President Abdel Fattah al-Sisi said Egypt remains committed to ensuring the delivery of aid to Gaza, but urged Palestinians to "remain on their land" in a speech yesterday.

Israel's military called for all civilians of Gaza City, to relocate south, as it amassed tanks near Gaza after a devastating attack by the militant group Hamas.

Tánaiste Micheál Martin has said that Israel has a right to self-defence but it must act within international law.

Speaking in University College Cork this morning, Mr Martin said that it is not feasible that a million people in Gaza can leave in 24 hours.

An Israeli army Merkava battle tank deploys with others along the border with Gaza

He said that call by Israel should be rescinded, adding "everybody knows it's not something that can be achieved at all".

The Tánaiste said two wrongs do not make a right and there was an obligation to protect civilians in Gaza, "people who have nothing to do with Hamas".

Mr Martin said Ireland was working with the United Nations "in terms of Mediterranean corridors", saying that it was essential "that significant amounts of humanitarian aid needs to get into Gaza."

Israel has launched air strikes on Gaza since the weekend attacks

"Now is a time for war," Defence Minister Yoav Gallant said yesterday as Israeli warplanes continued pounding Gaza in retaliation for the deadliest attack by Palestinian militants in its history.

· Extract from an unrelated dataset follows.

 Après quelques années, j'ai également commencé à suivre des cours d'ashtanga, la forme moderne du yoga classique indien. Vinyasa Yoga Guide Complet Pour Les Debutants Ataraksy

The Israeli military said it would operate "significantly" in Gaza City in the coming days and civilians would only be able to return when another announcement was made.

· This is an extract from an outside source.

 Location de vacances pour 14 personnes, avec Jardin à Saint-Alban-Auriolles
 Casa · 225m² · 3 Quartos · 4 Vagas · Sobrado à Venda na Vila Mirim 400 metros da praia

The United Nations said it considered it impossible for such a movement to take place "without devastating humanitarian consequences".

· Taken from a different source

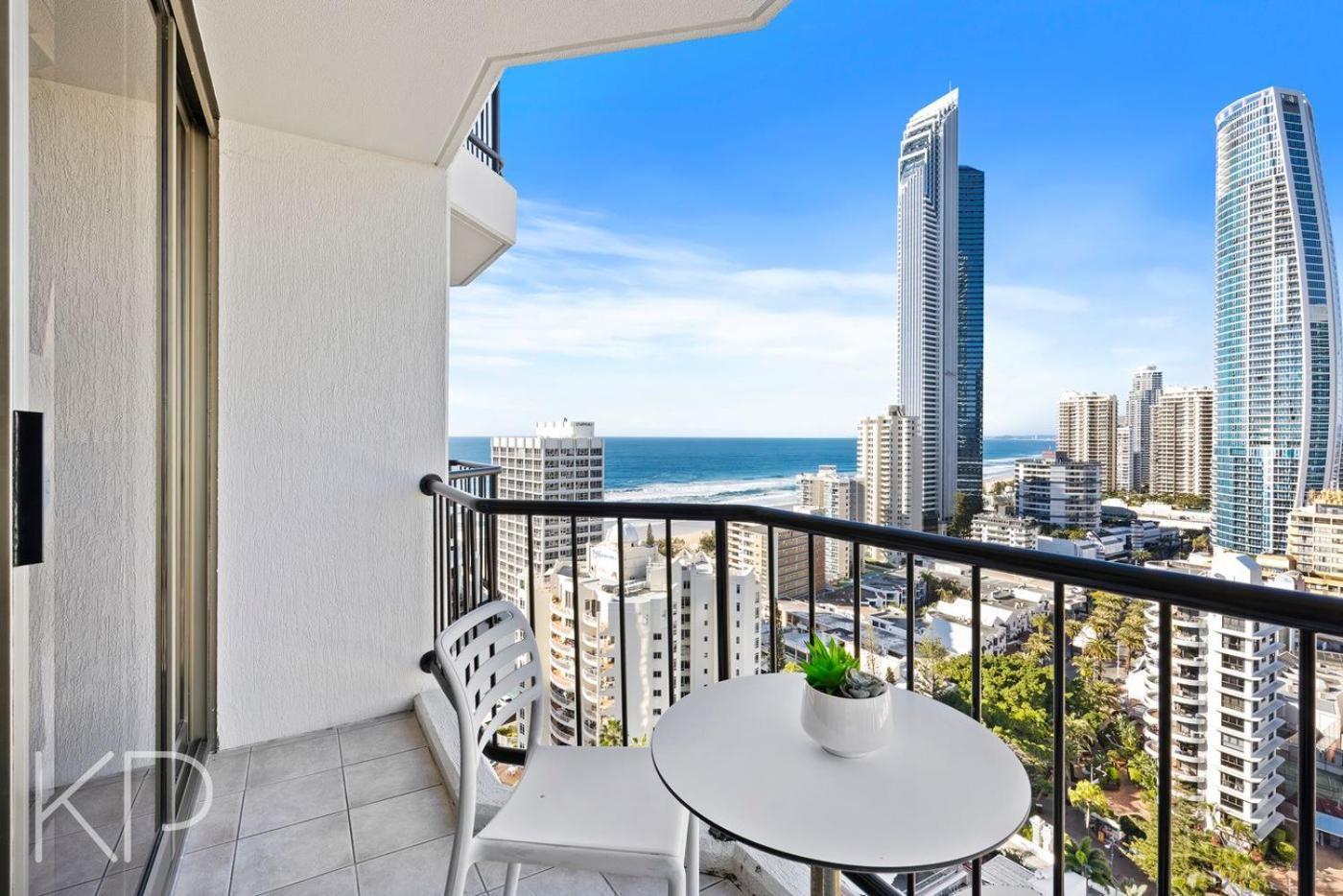 Hotel Apartments On 22 View Avenue, Surfers Paradise Gold Coast Exterior photo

"The United Nations strongly appeals for any such order, if confirmed, to be rescinded avoiding what could transform what is already a tragedy into a calamitous situation," UN spokesman Stephane Dujarric said in a statement.

Israel's ambassador to the UN Gilad Erdan described the UN's response to Israel's early warning to the residents of Gaza as "shameful".

Israel has vowed to annihilate the Hamas militant group which led the attacks on Saturday, but a ground invasion of Gaza poses serious risk with Hamas holding scores of hostages kidnapped in the assault.

Israel has put Gaza, home to 2.3 million people, under siege.

The International Committee of the Red Cross said fuel powering emergency generators at hospitals in Gaza could run out within hours and the United Nations World Food Programme warned food and fresh water were running dangerously low.

"The human misery caused by this escalation is abhorrent, and I implore the sides to reduce the suffering of civilians," ICRC regional director Fabrizio Carboni said.

Antony Blinken with Israel's President Isaac Herzog

Seeking to build support for its response, Israel's government showed US Secretary of State Antony Blinken and NATO defence ministers graphic images of children and civilians they said Hamas had killed in a weekend rampage in Israel.

Mr Blinken said they showed a baby "riddled with bullets," soldiers beheaded and young people burned in their cars. "It's simply depravity in the worst imaginable way," he said. "It's really beyond anything that we can comprehend."

Like others across the globe, Mr Blinken urged Israel to show restraint, but he also reiterated the US's support, saying: "We will always be there by your side."

Israeli soldiers continue to search the site where 260 people attending a music festival were killed

Mr Blinken was due to meet Jordan's King Abdullah and Mahmoud Abbas, head of the Palestinian Authority in the Israeli-occupied West Bank, as part of a Middle East tour aimed at stopping spillover from the war.

He also planned to visit key US allies Qatar, Saudi Arabia, Egypt and the United Arab Emirates - some with influence on Hamas, an Islamist group backed by Iran.

Israel's military chief, Lieutenant General Herzi Halevi, said lessons would be drawn from the security failures around Gaza that enabled the attack.

"We will learn, investigate, but now is the time for war," he said.